Par souci de rendre à César ce qui est à César, l’ancien responsable des Jeunes agriculteurs interjette et rappelle que « 90% des propositions [qui constituent ces lois] ont été faites par la FNSEA et JA66 ». Le spectre des récentes manifestations agricoles hante les esprits. « Est-ce qu’il faudra continuer à sortir dans la rue pour se faire écouter ? » lance une voix.

Médina, sans étiquette : mode « humilité » enclenché

Dès qu’il prend la parole, Marc Médina entre dans le concret. Maire de Torreilles, médecin, il annonce venir ce soir avec « beaucoup d’humilité ». Il rebondit immédiatement sur l’un des derniers sujets mentionnés par Laurence Gayte, celui de l’accès à l’eau du Rhône. Pragmatique, mais diplomate, le candidat sans étiquette estime que « le tuyau du Rhône n’arrivera pas dans le département avant 2040 ». Le candidat sur la 2ème circonscription enchaîne les propositions et témoignages poignants sur son expérience de médecin.

L’humilité du candidat séduit, apaise. « Vous avez dit des choses extrêmement touchantes », dit un membre du public. Avant de se tourner vers David Berrué, du Nouveau Front Populaire, assis dans la salle. « Si vous aviez abordé le monde paysan avec le même propos, le dialogue aurait été plus facile ». Applaudissements.

Rassemblement National : cinq pages de discours, ressenti 20 !

Anaïs Sabatini arrivera après la bataille, se mêlant aux candidats et au public autour de l’apéritif servi à l’extérieur. Son suppléant, Julien Potel, élu à Rivesaltes, aura lu le discours prévu pour elle – omettant d’adapter le langage féminin au masculin. Lisant ses mots, le représentant de la candidate RN tape à bras raccourcis sur « le pouvoir parisien ».

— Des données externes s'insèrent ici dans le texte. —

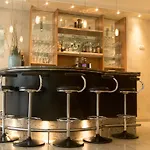 Hotel Stadt Muenchen Düsseldorf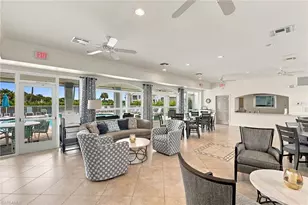 5964 Sand Wedge Ln, Naples, FL 34110 - Photo 31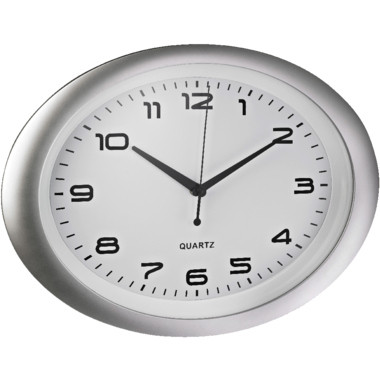 Produktabbildung - Einzelabbildung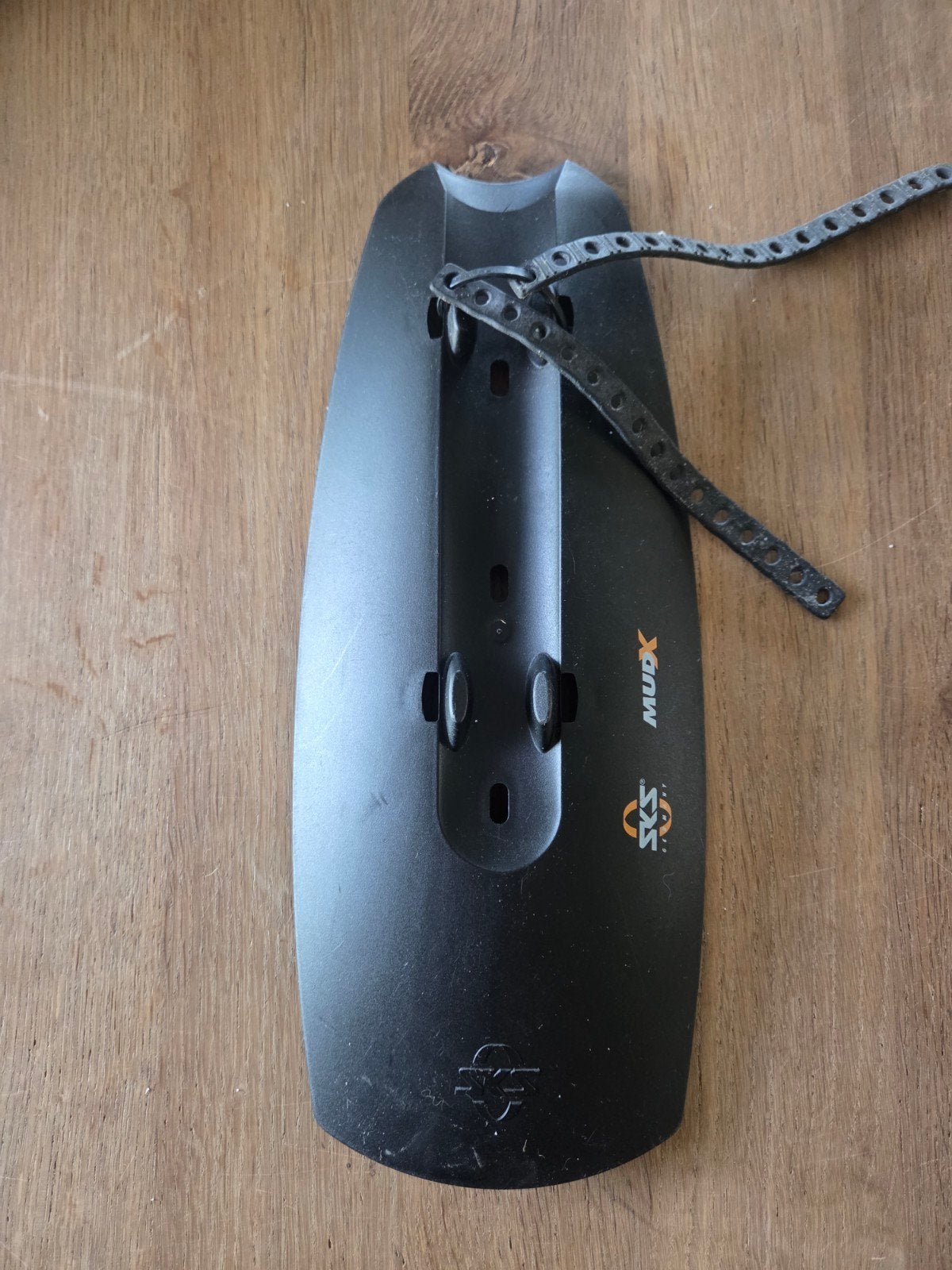 Mountainbike accessoires: nieuw en gebruikt, Ophalen of Verzenden, Nieuw, SKS, Spectra, Mirage, Specialized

Le discours se veut clivant. Anaïs Sabatini questionne les subventions attribuées à des associations écologiques qualifiées d’« écoterroristes », et l’argent dépensé « dans des cabinets de marketing pour trouver un nouveau nom au département des Pyrénées-Orientales ». L’ex-députée candidate à sa réélection dans la 2ème circonscription, rappelle que lors de son mandat, elle « s’est faite relais de vos revendications ».

Il est 20h, et la lecture du discours, souvent monocorde, dure. « Il y a encore des feuilles ? » lance une voix. Les rires sont fatigués. Lorsqu’enfin, la séance est levée, la candidate apparaît. On lui demande si elle arrive en terrain conquis. « Je suis confiante, oui, mais ça ne fait pas tout », sourit-elle.

Le représentant de la candidate centriste de la 1ère circonscription n’a que peu convaincu, enfonçant portes ouvertes et clichés. Le seul moment où le remplaçant d’Annabelle Brunet réussit à capter l’attention des agriculteurs, fut lors de sa conclusion en catalan. Le candidat Reconquête attendu, n’a pas fait acte de présence.

*FDSEA : Fédération départementale des Syndicats d’Exploitants Agricoles.